THE PRINCIPAL: CHARACTER, COLLABORATION, COMMITMENT

APRIL 2018 BLOG by Ed DeRoche


This blog was written as a direct result of reading David Brooks’s column, “Good Leaders Make Good Schools” which I will summarize below. The column topic reminded me of previous notes and publications that I wrote about school leadership.

For example, several years ago, I published an article in the Journal of Humanistic Counseling, Education, and Development (September 2000, Vol. 39, Issue 1) titled, “Leadership for Character Education Programs.” I suggested school principals and program leaders should be visionaries, missionaries, consensus builders, knowledge sources, standard bearers, architects, role models, communicators, collaborators, resource providers, and evaluators. For each responsibility, I offered commentary about the “what and why.”

Elsewhere, I described two views about character and leadership.

One was that of Zenger and Folkman (The Extraordinary Leader) who made a clear case that “Character is the center pole, the core of leadership effectiveness.”

The other was a summary of the Turknett Leadership Group’s “Leadership Character Model.” Their view is that “Leadership is about character – who you are not, what you do.” Their model includes three core qualities as the keys of leadership character:
1) Integrity [honesty, credibility, trustworthy];
2) Respect (empathy, lack of blame, motivational mastery, humility); and
3) Responsibility (self-confidence, accountability, focus on the whole, courage).

(www.turknett.com)

Current research about school principals is exciting and informative. The Knowledge Center at www.wallacefoundation.org contains more than 70 publications about school leadership. In my readings of a few of the reports, I found evidence that effective principals establish leadership teams, led by the principal, assistant principals, and teacher leaders.

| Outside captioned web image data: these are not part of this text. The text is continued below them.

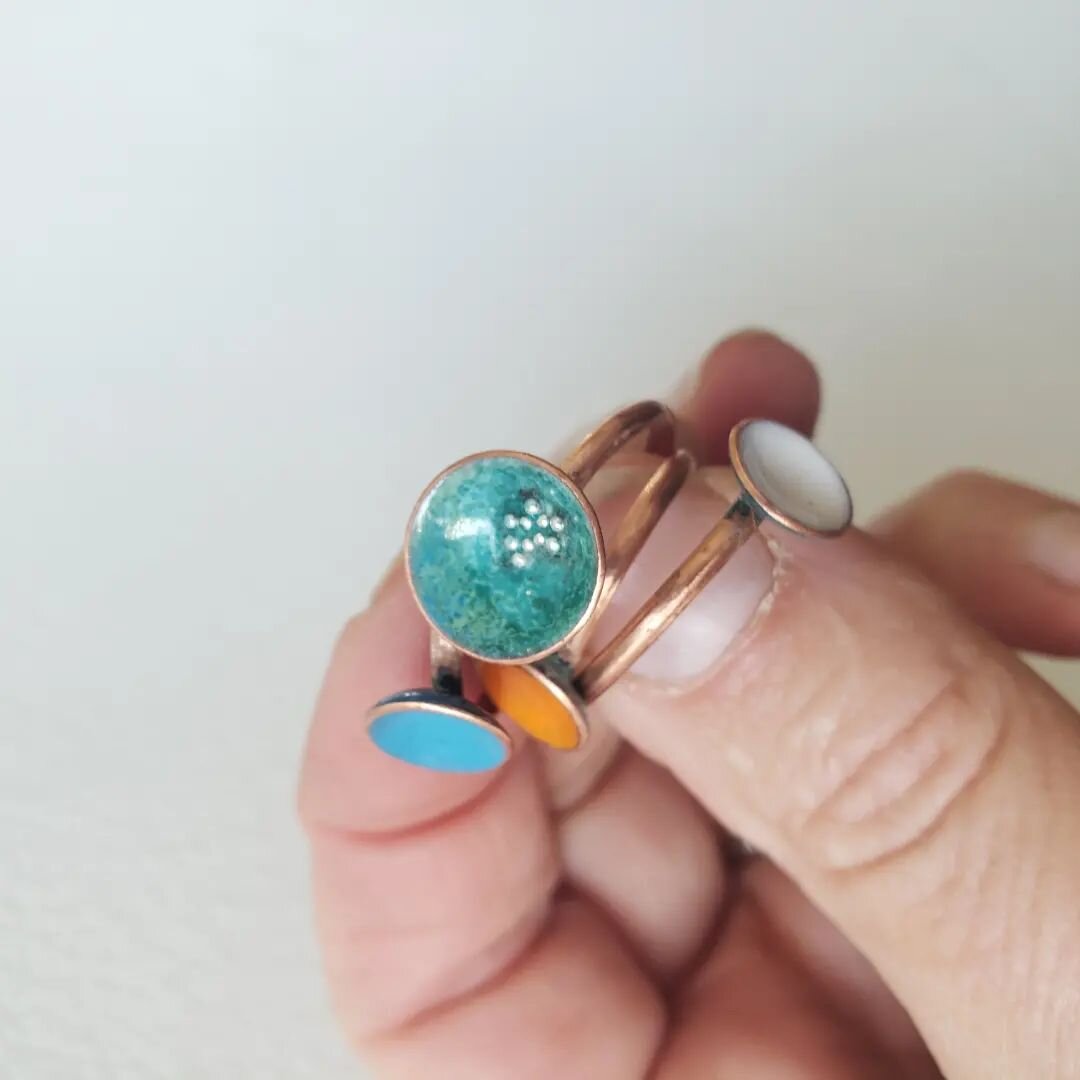 Made a small batch of colorful rings. 
.
More @trio_ellsworth or order directly from me.
.
.
.
#enamelrings #handcrafted #slowmade #smallbusiness #artistmade #jewelrymaker #littlethings #littlerings #enameling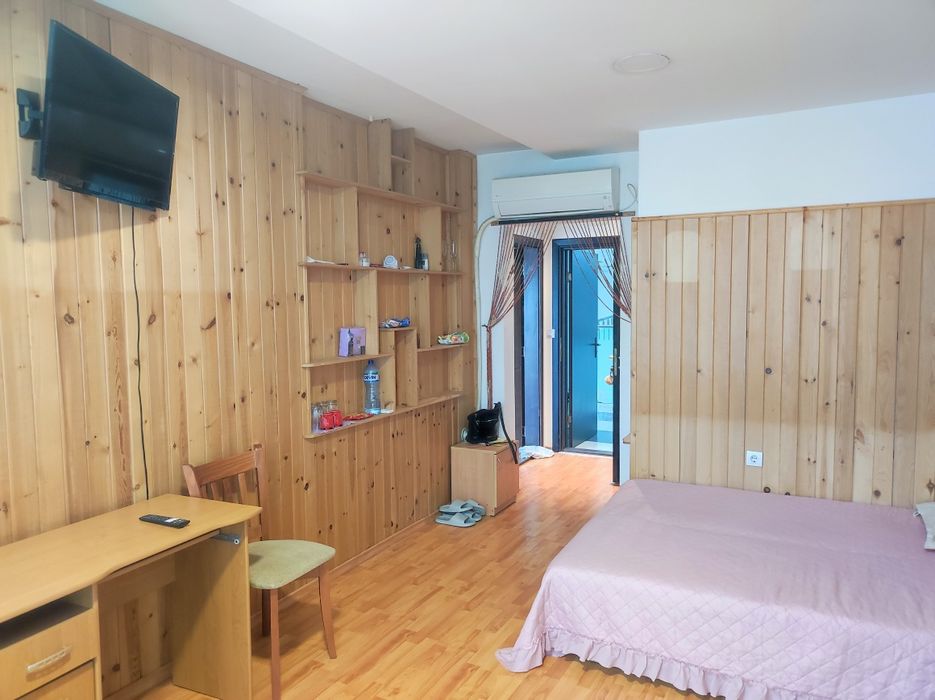 Продавам компактно студио !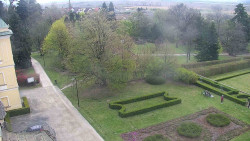 Příjezdová cesta k zámku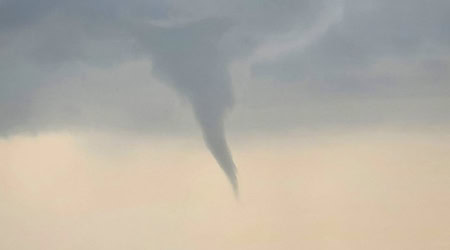 Nach Angaben der Meteorologen entstehen Tornados durch große Temperaturunterschiede zwischen Boden und höheren Luftschichten. (Symbolbild) / Foto: Sebastian Hansen/Blaulichtrheinlandnrw/dpa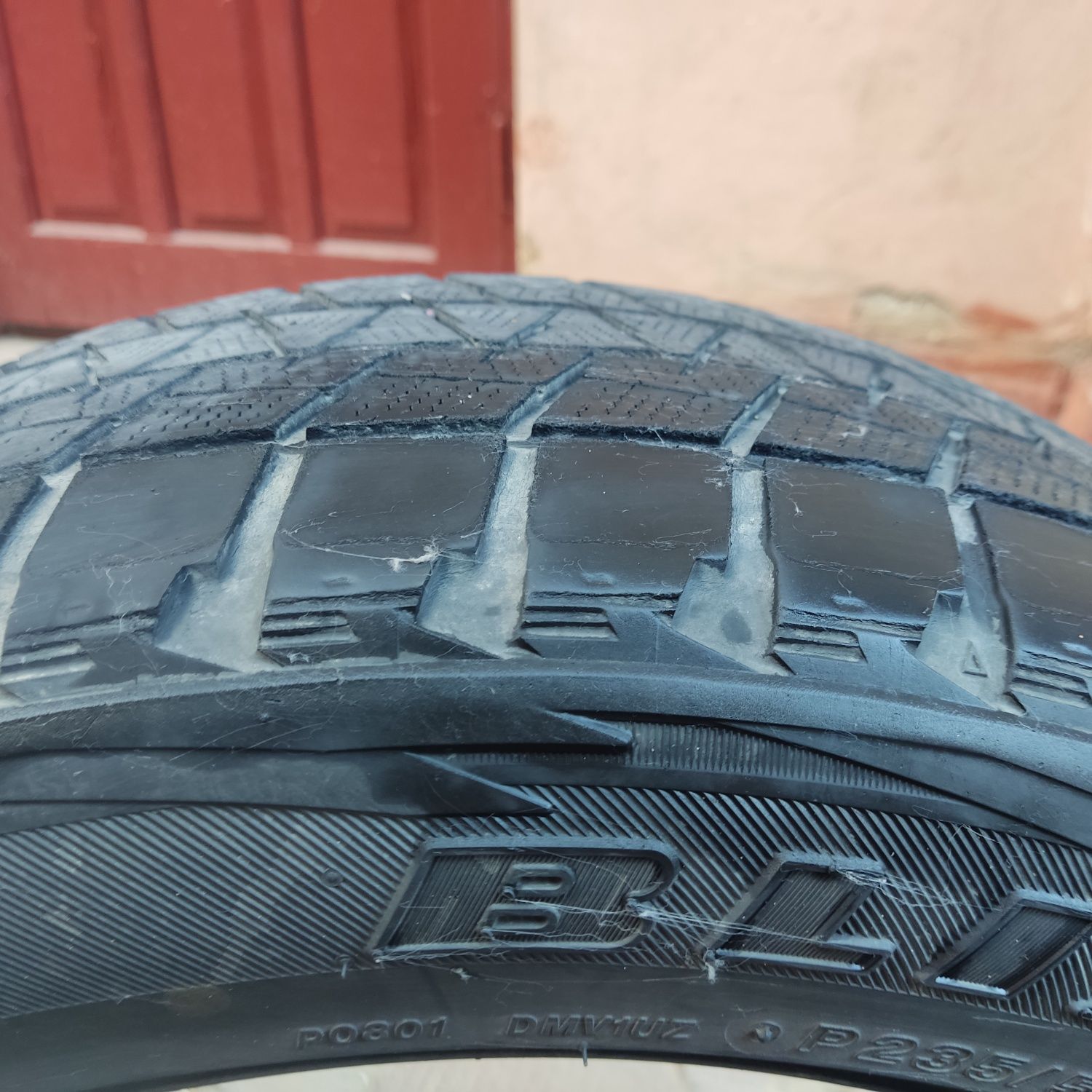 Шини зимові Bridgestone Blizzak 235/55 R19 2 шт без шипів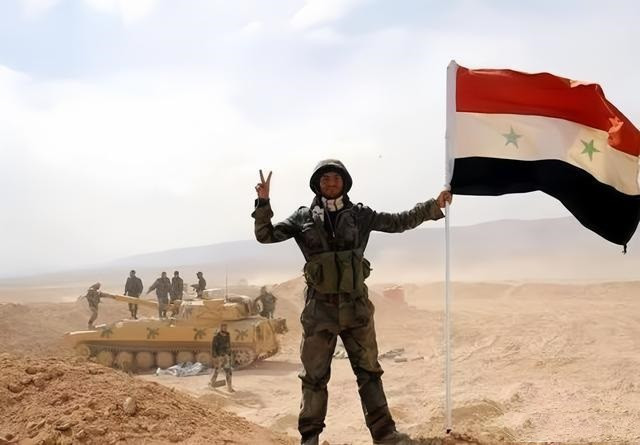 Giờ đây, lực lượng liên minh Nga-Syria đã được huy động; sự hỗ trợ từ tất cả các bên cũng đã đến và lực lượng dân quân thân Iran ở Iraq đã lên đường vào ngày 1/12, ngoài ra có cả lực lượng vũ trang người Kurd hỗ trợ… đủ sức cho liên quân Chính phủ Syria, tiến hành một cuộc phản công gần Sân bay Quốc tế Aleppo.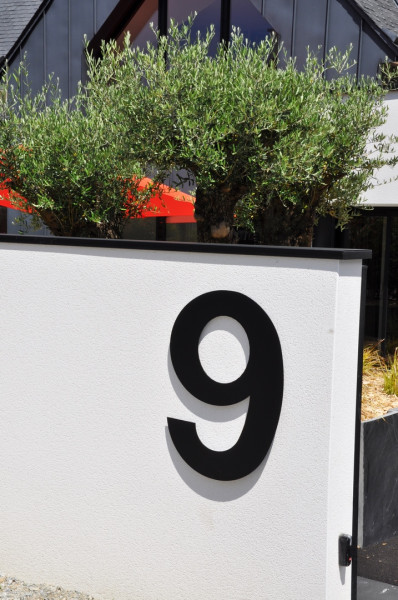 Numéro sur mur enduit - paysagiste Vannes
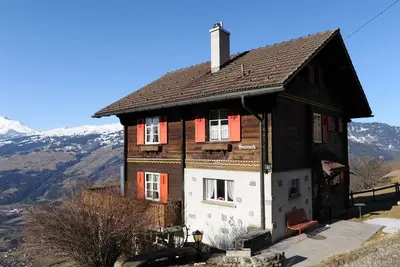 Image de Jolie maison de vacances avec une belle vue.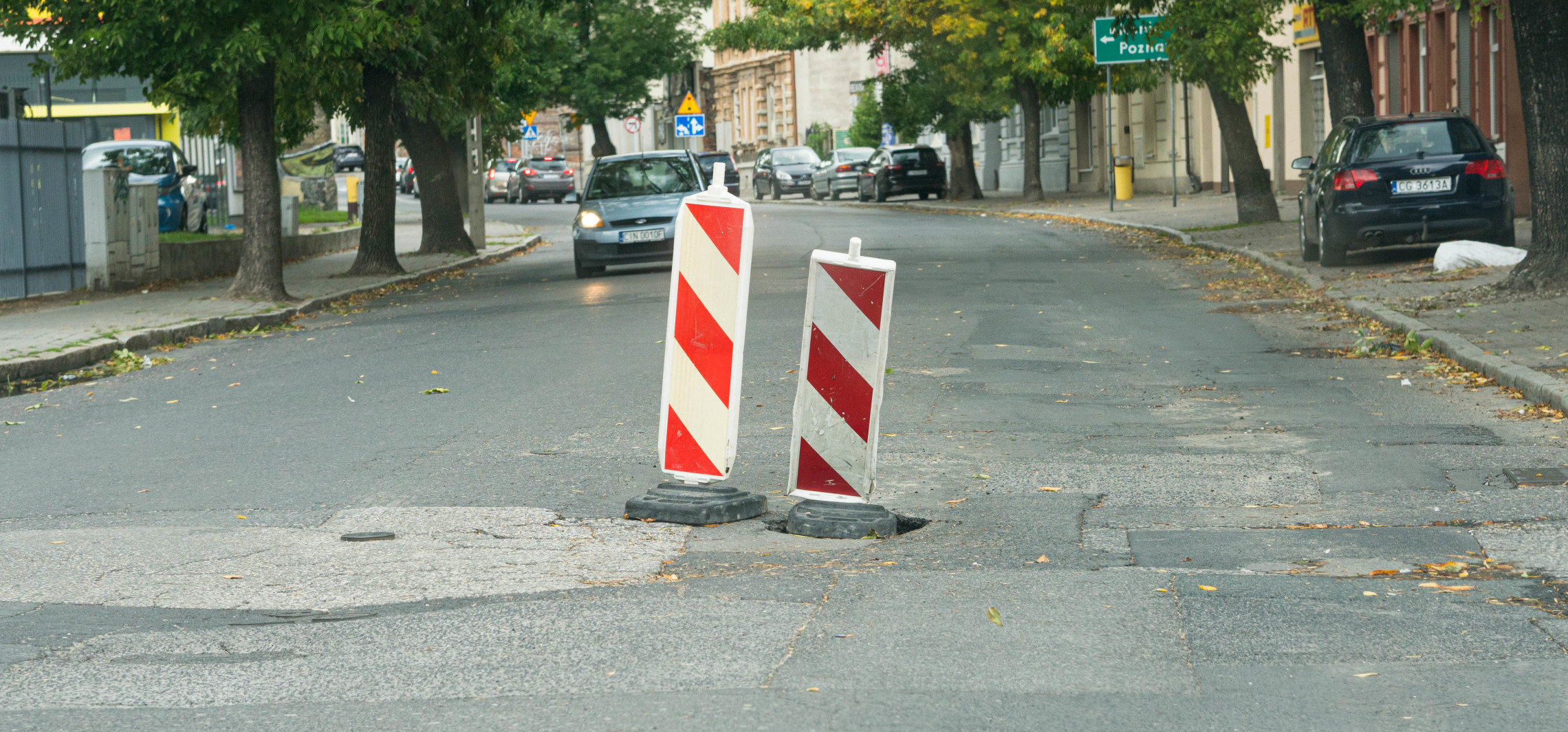 Na ul. Św. Ducha znów zapadł się asfalt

Team members shared responsibility for student progress.

Another discovery (at least for me) was that effective principals encourage collaboration “paying special attention to how school time is allocated.” Another study reported that, coupled with collaboration, “principals who rated highly for the strength of their actions (commitment) to improve instruction were also more apt to encourage the staff to work collaboratively.” Note this important finding,

“When principals and teachers share leadership, teachers’ working relationships with one another are stronger and student achievement is higher.”

Now, all of this information is what I call “in-house stuff.” My point—the public knows little about these significant findings. Thus, it is left to journalists and the media to bring this important information to the public, especially parents, board members, and community leaders.

David Brooks did this in his column, “Good Leaders Make Good Schools” (NYT, 3-12, 2018).
In brief, this is what he wrote.

If you want to learn how to improve city schools, look how Washington D.C., New Orleans, and Chicago are already doing it.
Restructuring schools and increasing teacher quality don’t get you very far without a strong principal.

How do they do this he asks? His answer, “They build a culture…set by their behavior” (character).

He also notes that “it takes five to seven years for a principal to have full impact on a school….When you learn about successful principals, you keep coming back to character traits they embody and spread: energy, trustworthiness, honesty, optimism, determination, and promotes a collaborative power structure.”

In bold type he writes a key finding from researchers who studied principals in 180 schools across nine states and concluded, “We have not found a single case of a school improving its student achievement record in absence of talented leadership.”

Brooks concludes, “We went through a period when we believed you could change institutions without first changing the character of the people in them. But we were wrong. Social transformation follows personal transformation.”

The question for current school principals posed by Baruti K. Kafele, an award- winning former urban principal in New Jersey: “Is my school a better school because I lead it?”

His answer:

“It’s my strong belief that to lead your school forward, you must consider this question daily. To answer this question affirmatively, you must be absolutely clear about who you are as the school leader, what your mission is, what purpose drives your work, and how you envision the future of your leadership and school. These characteristics determine who you are, what you’re about, why you’re about it, and where you are going. They serve as a mirror for why you do this work in the first place. You must lead your school with the confidence to say, ‘Yes, my school is, in fact, a better school because I lead it.’ And when you do, students win.”